The death of a loved one is an impossibly agonizing, soul-crushing experience that never completely heals and only lessened by time. When my brother died in a car accident at the age of 25, I thought my tears would never stop. From the moment I first heard the news, until the moment we lowered his body into the ground, I cried with a ferocity and singleness of purpose I didn’t know I possessed. All the awful details of death, going to the hospital to get his personal possessions, cleaning out his apartment, picking out a coffin and the clothes he was to be buried in, were done with eyes blurred by tears and a voice hoarse from crying. The procession of people bearing food and flowers seemed never ending, but I only hungered for alcohol and cigarettes.
After he was buried, the dreams started. Dreams of the two of us on a subterranean train system, the only illumination strobes of light that made him and the other passengers appear and disappear to the background sound of a speeding train racing over wooden tracks. I was the only one who spoke in the dreams. He sat quietly, attentively, listening. I started out by speaking slowly, normally, and as the train raced along my words hastened to match its speed. I’d talk faster and faster, cognizant in my dream that the time to talk was soon coming to an end, and then he’d disappear.
I’d wake up crying, thinking I would pay any price for him to still be alive. Eventually my grief ebbed to where I could say his name without crying, and then to where I could look at his picture without my eyes growing teary, and now I survive without him. Still, 28 years later, I mist up whenever I hear the lines from “White Christmas” that promise “I’ll be home for Christmas, if only in my dreams” because my dreams are the only place I can hope to see him.
Was I depressed during the grieving period? Yes. Did my doctor put me on antidepressants to numb the pain of my loss? No, and I’m glad he didn’t. My brother’s death was something I had to work through and plumbing the depths of my grief informed how I have dealt with the deaths of all of the loved ones that have followed him.
The American Psychiatric Manual has traditionally warned against diagnosing depression during bereavement, but now psychiatrists with ties to drug companies have helped to remove that warning and the makers of antidepressants stand to benefit from the change. If grief equals depression, grief is a treatable condition. A treatable condition is billable and amenable to interventions, in this case, prescription medications. Instead of providing a shoulder to cry on, doctors will provide a prescription pad to write on. And where does that leave the patient? Once again a normal part of life is medicalized, this time because drug companies want to take advantage of a market that increases every day, with every death.

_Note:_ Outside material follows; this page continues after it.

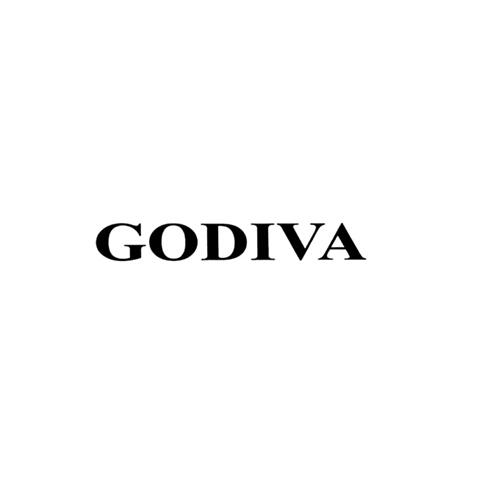 godiva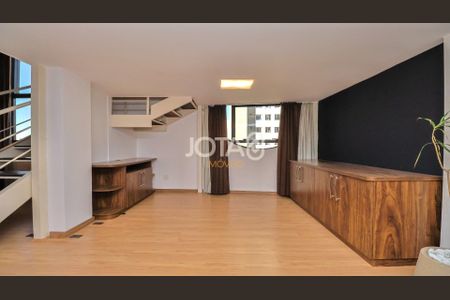 5_photo/94dce3e905.5868444c13cefa92-ATLAS-34cd09a7-cd82-4e18-b513-e6f4733a4b28.jpg de apartamento para alugar com 1 quarto, 66m² em Bigorrilho, Curitiba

Recently I heard the story of a mother who stood up at her son’s funeral and apologized because she had nothing to say to eulogize her son. She stood dry-eyed, unable to cry, and said she was on too many medications to feel anything but numb. I wonder about her now, many months after her son’s death, and whether she’s allowed herself to experience the pain of grief in all of its snot-drenching messiness. I hope so. I can’t imagine any crueler prison than not being able to let go of that pain.
In mourning death, we open our heart and let it bleed. Even though a scab may form, for a long time every memory rips it open and starts the bleeding again. It’s an unpleasant, unpredictable process, but as Henry Rollins says, “Scar tissue is stronger than regular tissue. Realize the strength; move on.”
The grieving process helps us to do that far more than any chemical ever will.